Start of MATERIAL PROVIDED

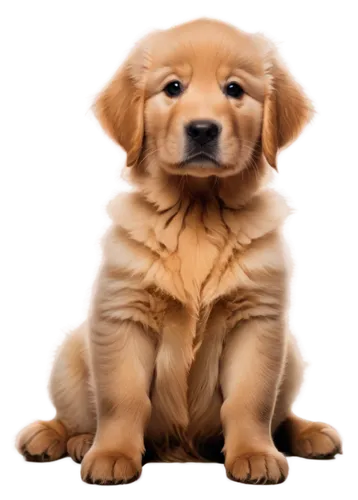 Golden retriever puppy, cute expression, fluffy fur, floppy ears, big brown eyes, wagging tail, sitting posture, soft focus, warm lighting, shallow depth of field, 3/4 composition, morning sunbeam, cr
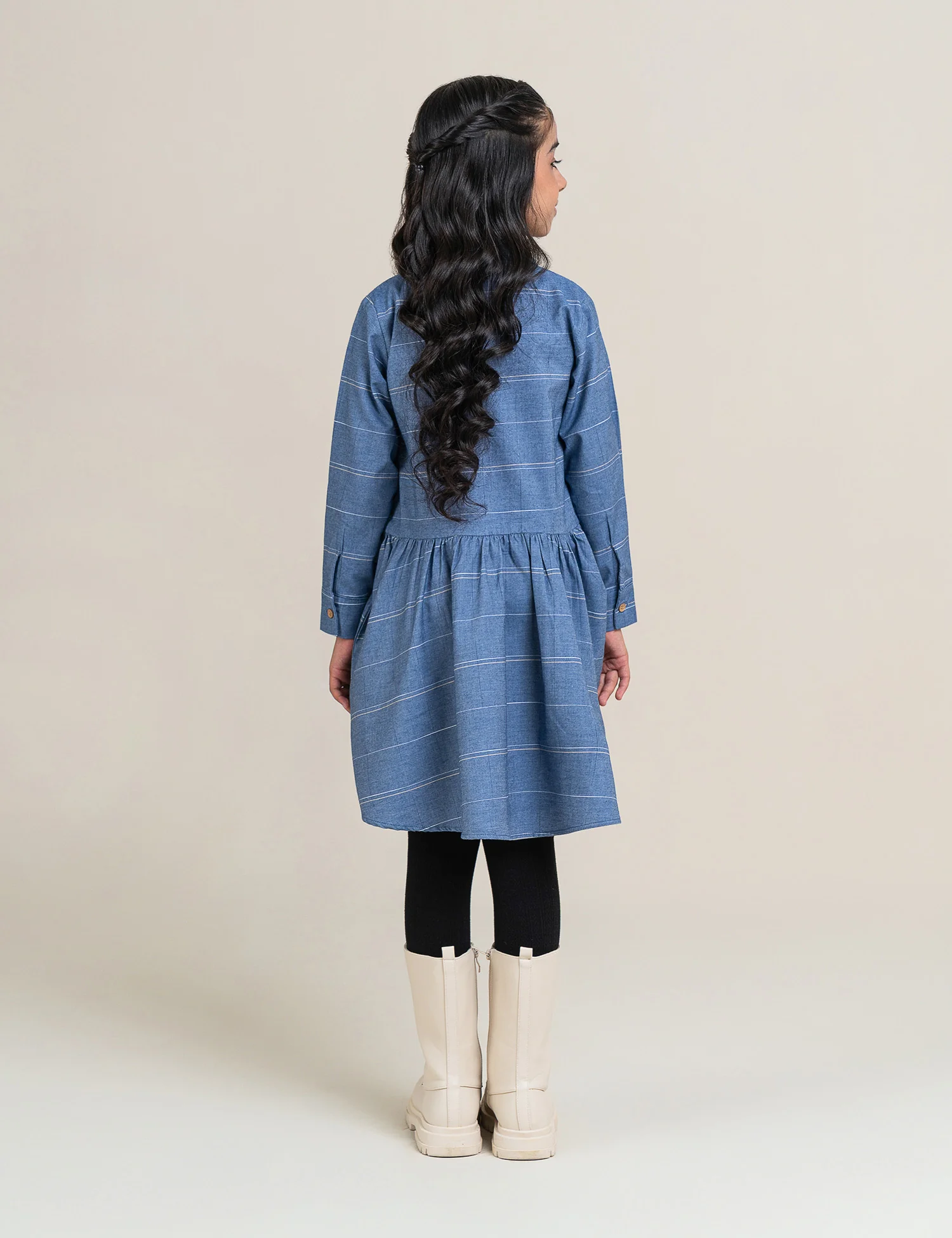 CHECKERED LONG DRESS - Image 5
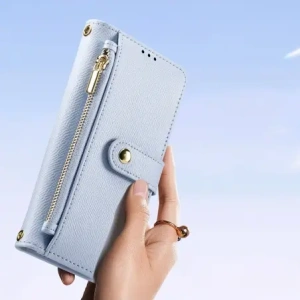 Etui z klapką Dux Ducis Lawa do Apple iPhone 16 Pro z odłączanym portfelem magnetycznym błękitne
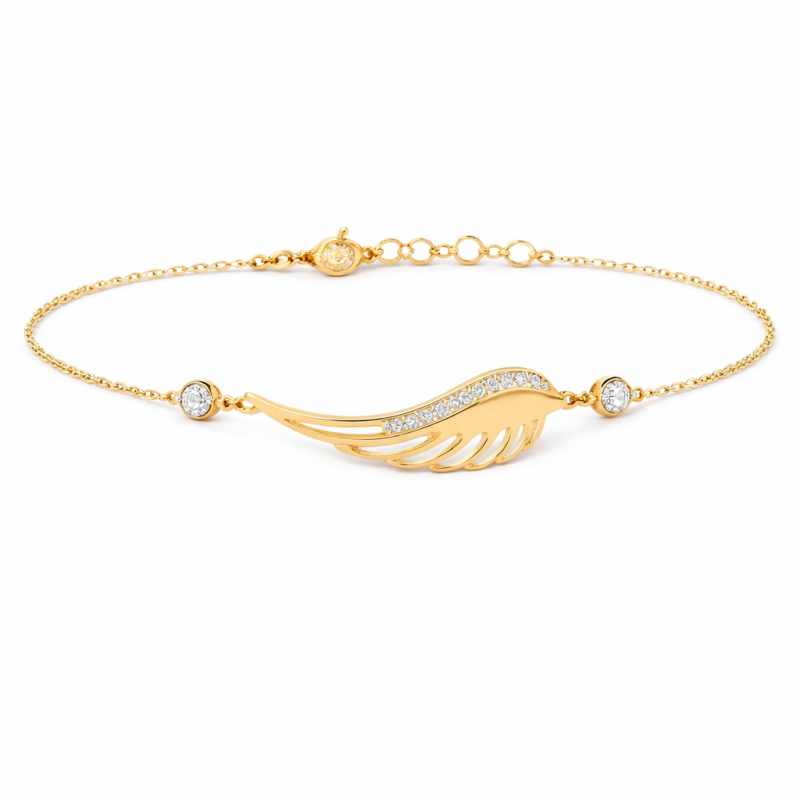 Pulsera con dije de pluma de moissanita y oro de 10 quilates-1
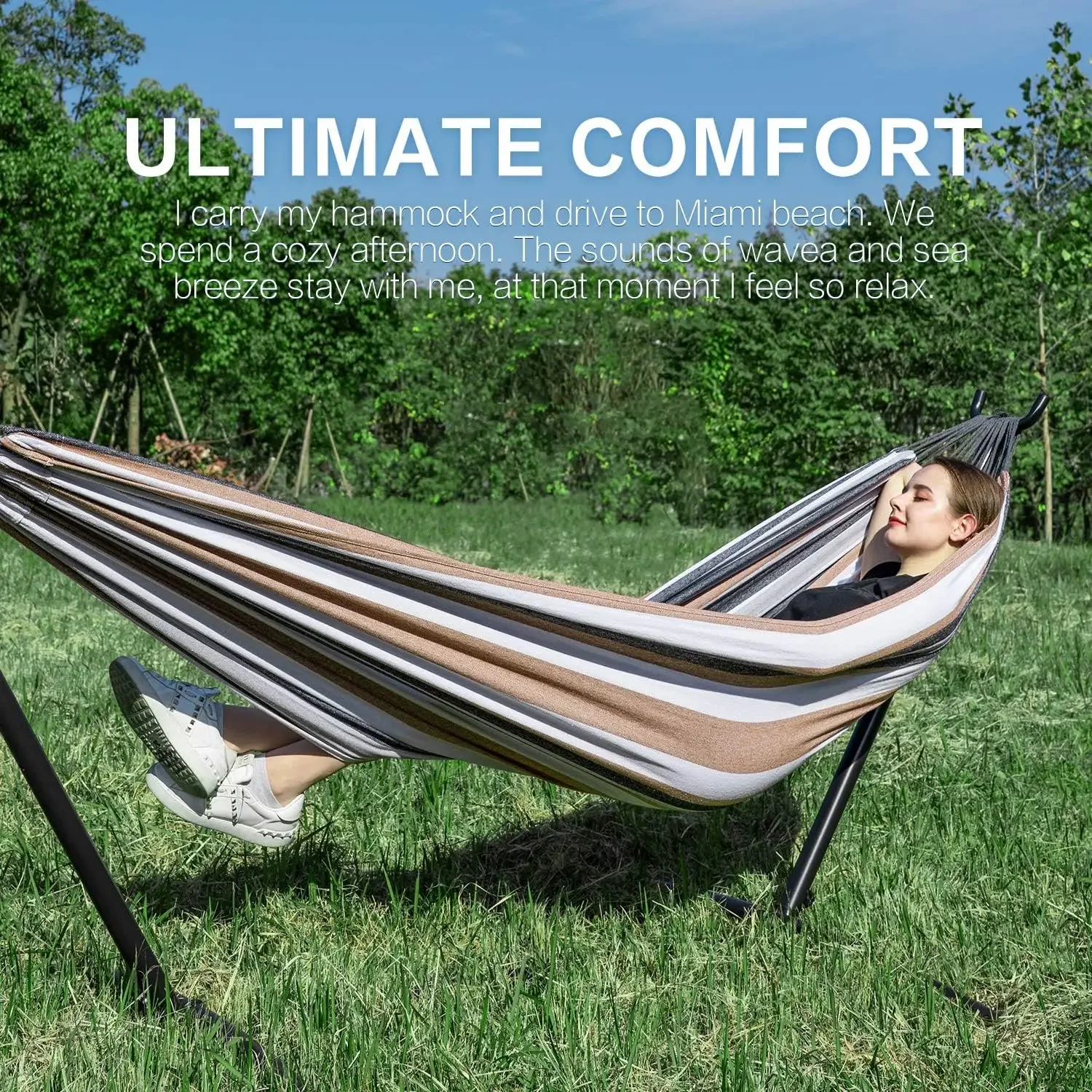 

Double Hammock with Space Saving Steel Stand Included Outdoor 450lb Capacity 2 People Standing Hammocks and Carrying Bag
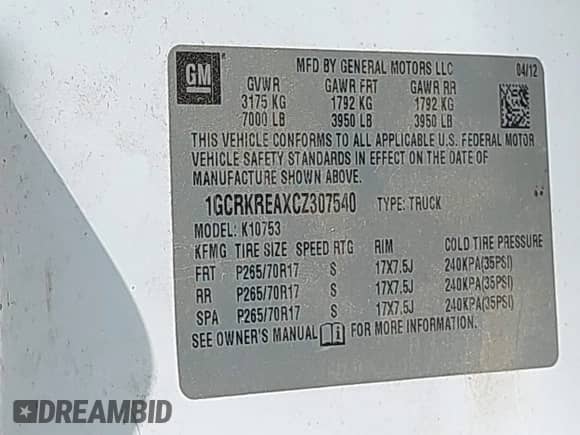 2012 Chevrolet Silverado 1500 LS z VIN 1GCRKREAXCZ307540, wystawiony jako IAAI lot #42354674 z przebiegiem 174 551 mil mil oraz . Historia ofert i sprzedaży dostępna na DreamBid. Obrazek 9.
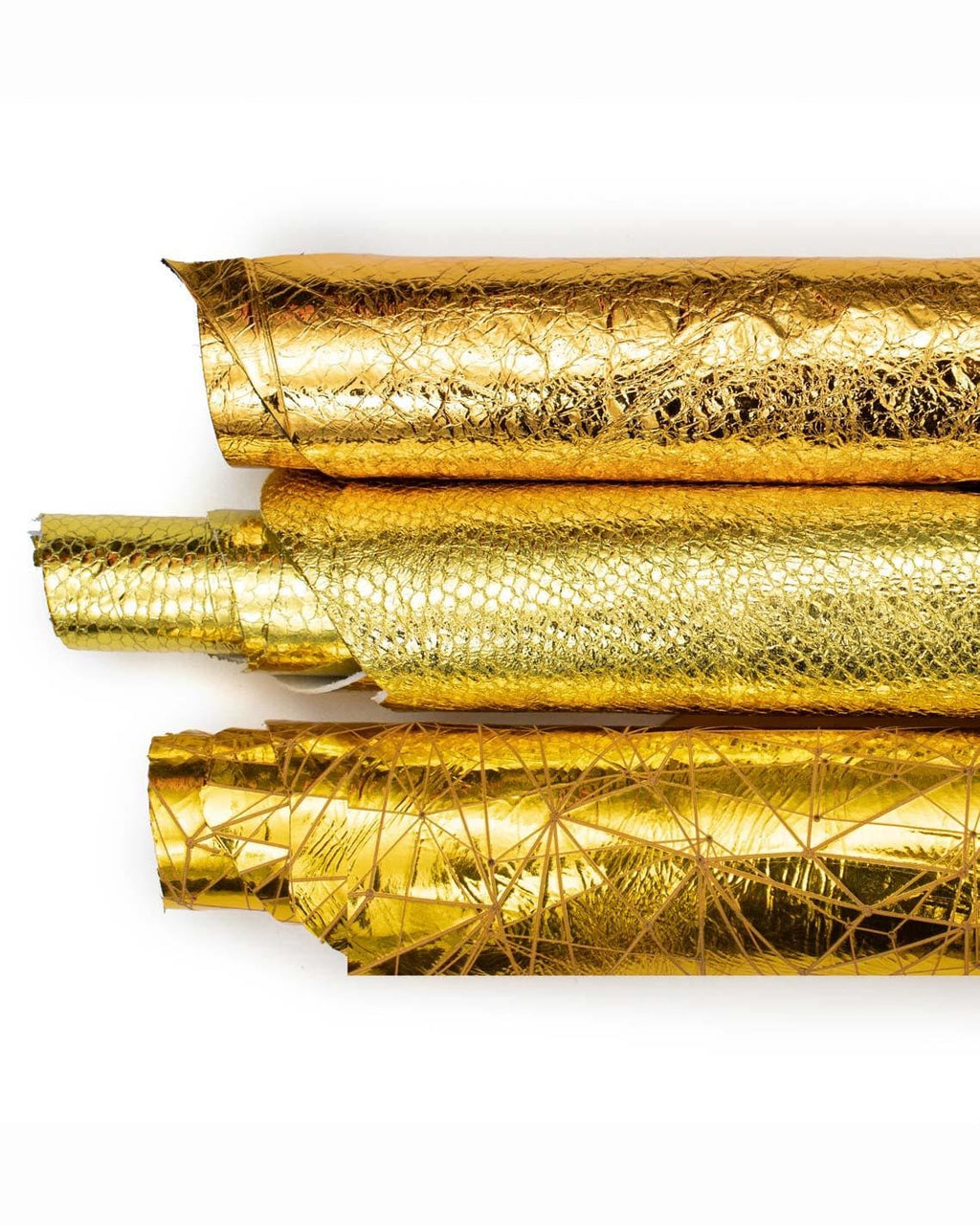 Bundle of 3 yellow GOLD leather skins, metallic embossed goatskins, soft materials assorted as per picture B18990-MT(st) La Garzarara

End of MATERIAL PROVIDED

**TASK DESCRIPTION:** Without the images, output all the entries exactly as they stand.

**REPLY TO THE TASK:**
 Golden retriever puppy, cute expression, fluffy fur, floppy ears, big brown eyes, wagging tail, sitting posture, soft focus, warm lighting, shallow depth of field, 3/4 composition, morning sunbeam, cr
 CHECKERED LONG DRESS - Image 5
 Etui z klapką Dux Ducis Lawa do Apple iPhone 16 Pro z odłączanym portfelem magnetycznym błękitne
 Pulsera con dije de pluma de moissanita y oro de 10 quilates-1

Double Hammock with Space Saving Steel Stand Included Outdoor 450lb Capacity 2 People Standing Hammocks and Carrying Bag
 2012 Chevrolet Silverado 1500 LS z VIN 1GCRKREAXCZ307540, wystawiony jako IAAI lot #42354674 z przebiegiem 174 551 mil mil oraz . Historia ofert i sprzedaży dostępna na DreamBid. Obrazek 9.
 Bundle of 3 yellow GOLD leather skins, metallic embossed goatskins, soft materials assorted as per picture B18990-MT(st) La Garzarara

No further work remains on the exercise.